Multiscale TROPical CatchmentS (M-TROPICS)

M-TROPICS Critical Zone Observatories

The CZO Multiscale TROPIcal CatchmentS (M-TROPICS) provides the international scientific community with unique decennial time series of meteorological, hydrological, geochemical, and ecological variables in tropical environments. The CZO M-TROPICS involves academic and governmental partners in tropical countries (Cameroun, India, Lao PDR, and Vietnam) and is included in the Research Infrastructure OZCAR, the French contribution to the international CZO initiative.

Objectives

• Long-term monitoring of the variables needed for establishing water, biogeochemical (including particulate matter), and energy budgets: water and inorganic and organic matter in solution (major anions and cations, carbon), in suspension (suspended particulate matter, including organic carbon), and bed particulate matter
• Impact assessment of global change (land-use, climate) on water fluxes, chemical weathering, and physical erosion
• Data and information dissemination to the scientific and stakeholder communities
• Capacity building in the field of catchment hydrology and soil erosion, through on-the-job training, teaching, and student internships, and basic geochemistry through analytical platforms
• Recommendations on land use policy to the national authorities

Strengths

• Multiscale approach, both spatially (from microplot to catchment and larger river basins scales) and temporally (from sub-hourly to multi-decennial time-series)
• Multidisciplinary approach, currently involving hydrology, biogeochemistry, soil science, agronomy, ecology, remote sensing, experimentation, and modelling

Achievements

Besides data collection and dissemination, the achievements of M-TROPICS on November 2022 are:

• 257 scientific publications in international journals
• 33 scientific publications in national journals
• 1 special issue in the Lao Journal of Agriculture and Forestry (2008): Management of soil erosion and water resources in the uplands of Lao P.D.R., by Ribolzi O. (Ed.), Pierret A. (Ed.), Gebbie L. (Ed.), Sengtaheuanghoung O. (Ed.), and Chanphengxay M. (Pref.)
• 57 PhDs, 7 post-docs, 6 HDR, and 281 MSc, BSc and Agric. Eng. degrees

Rationale

The Earth Critical Zone (CZ) is defined as the thin layer between the top of the canopy and the bottom of groundwater aquifer in which complex interactions involving rock, soil water, air and living organisms regulate the natural habitat and determine the availability of life sustaining resources. This concept brings together scientific disciplines in the aim to tackle crucial environmental issues regarding how the various components of the CZ react to global changes, including land use and climate changes:

• What are the water, solute, and particulate fluxes exported from tropical catchments?
• What is the impact of rapid land use changes on hydrology, water quality, soil resources?
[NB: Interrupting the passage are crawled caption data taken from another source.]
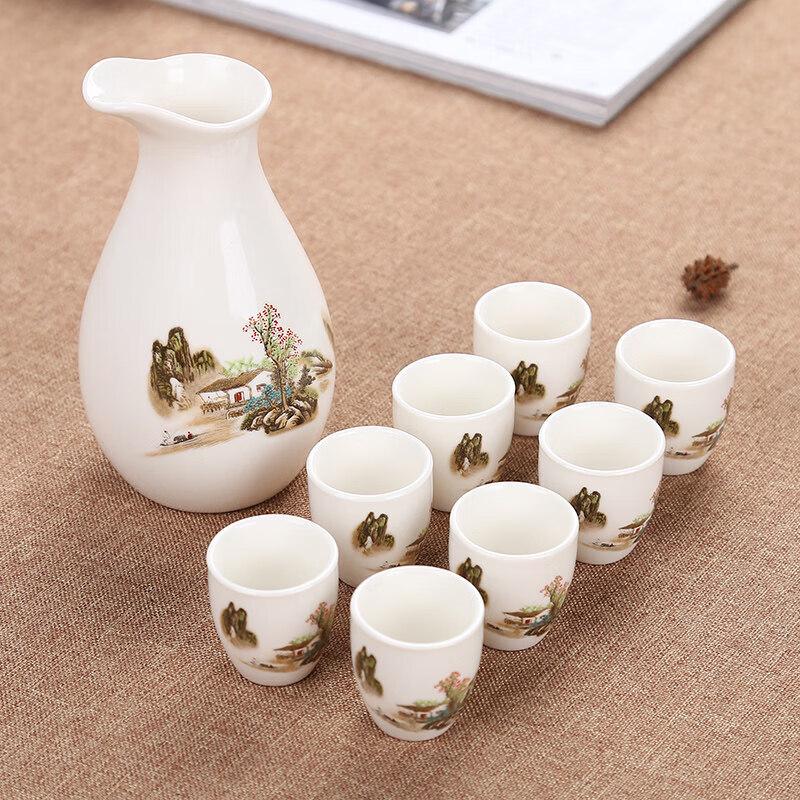 Qiwei Ceramic 9-Piece Sake & Spirit Wine Set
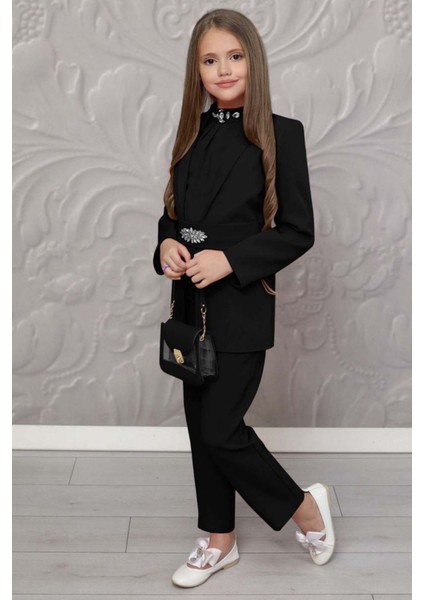 Kız Çocuk Yakası Taş Işlemeli Kolsuz Bluz Kemerli Blazer Ceket Pantolon Black Alt Üst Takım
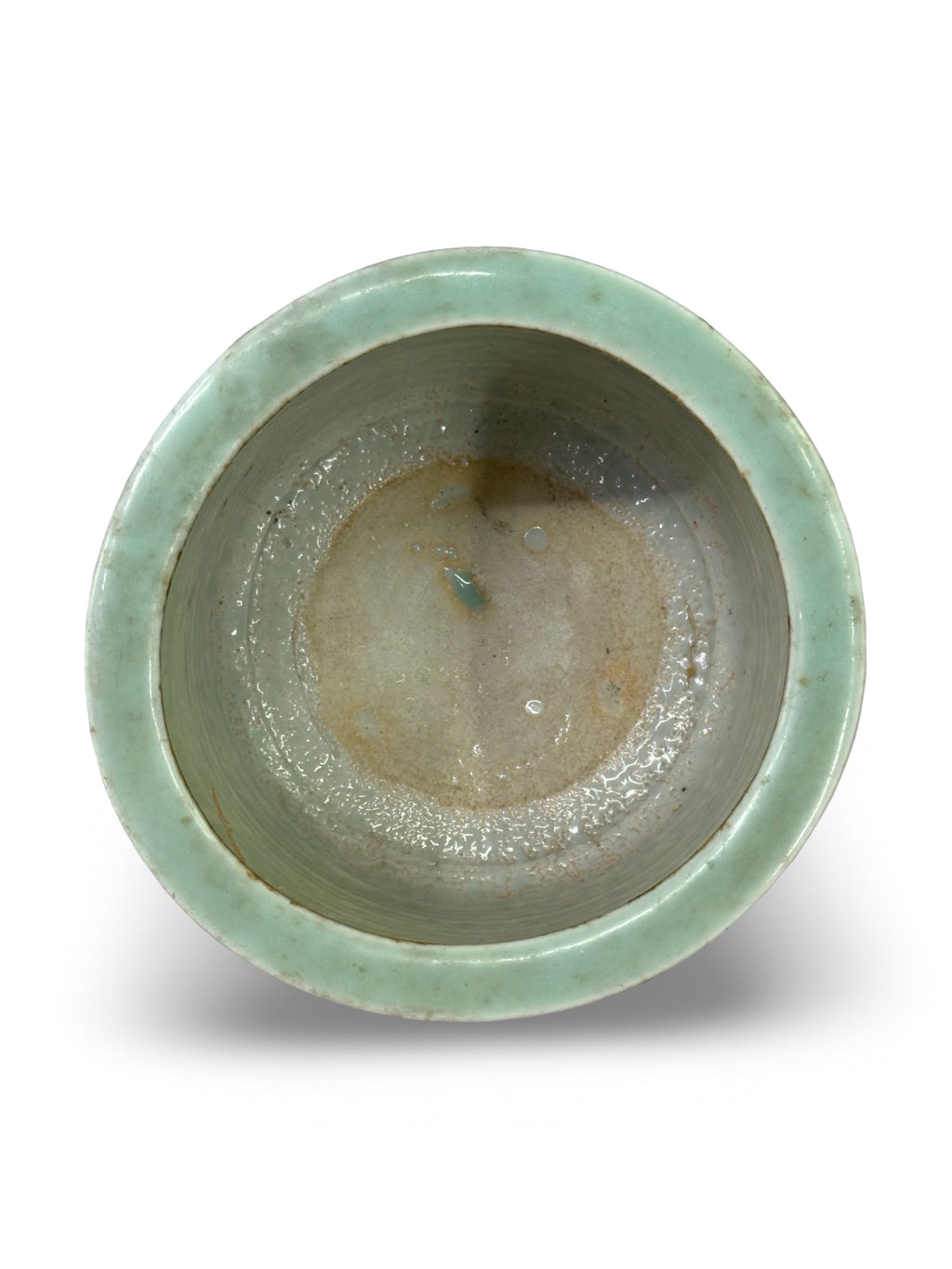 19th-Century Chinese Celadon Porcelain Incense burner- Green Glaze Incised Floral Vessel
The strategies adopted to answer these questions are often integrated approaches on experimental catchments, where hydrological, sedimentary, biogeochemical and ecological studies can be coupled. Acquiring simultaneous time series of meteorological, hydrological, geochemical, and ecological data over decades on river systems (both small experimental watersheds and larger basins) representative of the diversity of ecosystems is pivotal for the understanding of these processes, building integrated modelling and for proposing predictive scenarios.

Among the Critical Zone Observatories (CZOs) that have been implemented by the Earth Science community in the past 30 years, very few were set up in the Tropics despite the huge importance of these regions in terms of population density, fast-changing land use, biodiversity hotspots, biomass stock on continents (humid forests), size of river systems. In addition, rainfall in the Tropics is mostly governed by monsoon systems, which are particularly sensitive to climate change.